Я в нетерпении вскрыл конверт… То, что я прочел, заставило меня похолодеть.
— Гаттон! — вскричал я. — Мисс Мерлин получила по почте статуэтку Баст!
— Как?!
— Она кратко описала ее, и я склонен думать, что это та самая вещь, что была украдена отсюда! Конечно, мисс Мерлин ужасно испугана.
Инспектор поднялся.
— Надо немедленно осмотреть присланное, — быстро сказал он, — проверить упаковку, в которой доставлена посылка, и марку. Я выхожу из себя, — Гаттон не сдержал гнева, — когда думаю о том, что доктор Дамар Гриф, вероятно, находится где-то в полумиле от нас, от этого самого места, и мы могли бы позвонить ему, знай мы его номер; мы задействовали все ресурсы лондонского уголовного розыска, но все еще никак не можем его найти! Даже такая городская окраина, как эта, настолько велика, что мы будто ищем иголку в стогу сена!
Голова моя разрывалась от жутких сомнений и нерешительности. Я не знал, что нам следует делать, а Гаттон, как дикий зверь в клетке, метался по комнате.
— Набейте-ка трубку, — устало предложил я наконец. — От нашего следующего шага зависит многое. Любая ошибка может оказаться роковой.
Гаттон довольно свирепо взглянул на меня, затем уселся в кресло, из которого встал чуть раньше. Я подтолкнул к нему табакерку, и он потянулся за ней, но тут раздался звонок. Я услышал, что Коутс открыл входную дверь и, недоумевая, кто мог прийти в столь поздний час, вопросительно посмотрел на инспектора.
В дверь кабинета постучали.
— Войдите, — крикнул я.
Коутс неловко застыл на пороге.
— Доктор Дамар Гриф! — объявил он.
Не меняясь в лице, он посторонился, и пока мы с Гат-тоном в полнейшем изумлении медленно поднимались с мест, высокий, тощий евразиец шагнул внутрь и остановился, нависнув над здоровяком Коутсом!
Его ястребиные глаза лихорадочно горели, а лицо было измученным и осунувшимся.
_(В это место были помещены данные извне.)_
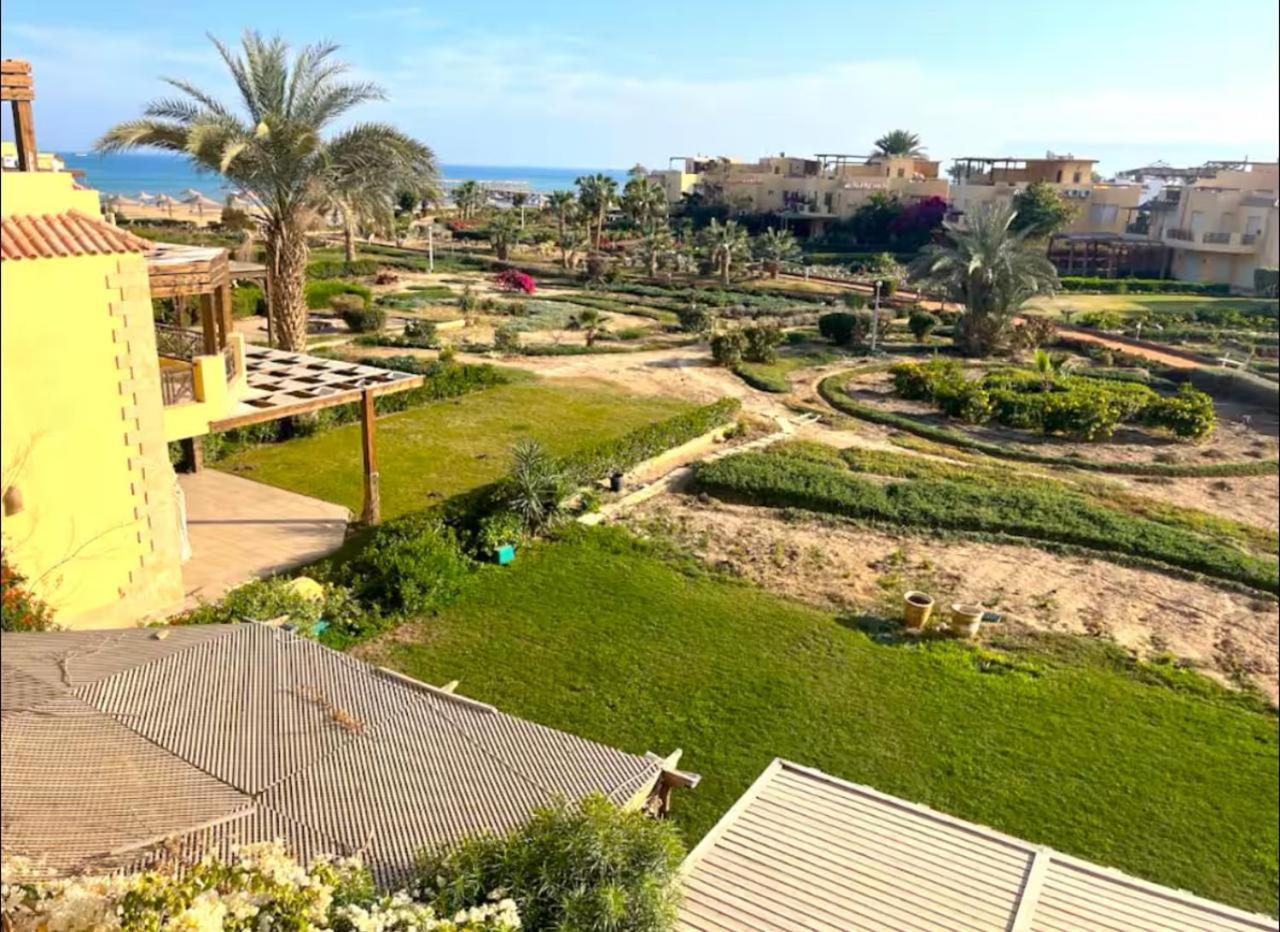 A Sea View Spacious Cheering 5 Bedroom Villa Ain Sokhna "Ain Bay" فيلا كاملة للإيجار قرية العين باي Ain Sukhna Eksteriør billede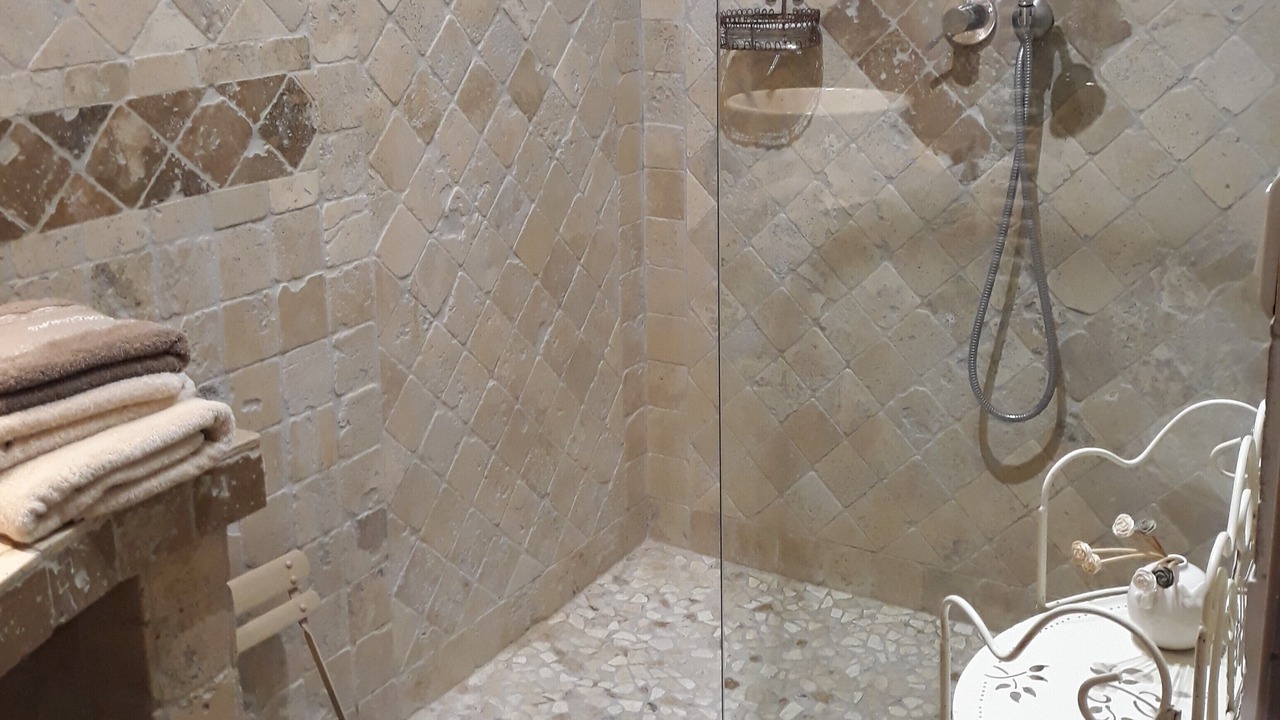 Photo of Bathroom in Lagnes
Я смотрел на него с удивленным испугом, а он, казалось, едва держался на ногах. Мы с Гаттоном наконец встали; Гриф, пошатываясь, уцепился за угол книжного шкафа, но тут же выпрямился и величественно поклонился нам, и я сразу вспомнил, что почувствовал, когда очутился в странной библиотеке Белл-Хауса.
— Джентльмены, — начал он, и его резкий голос был не громче шепота, — пожалуйста, сядьте. Я не задержу вас надолго.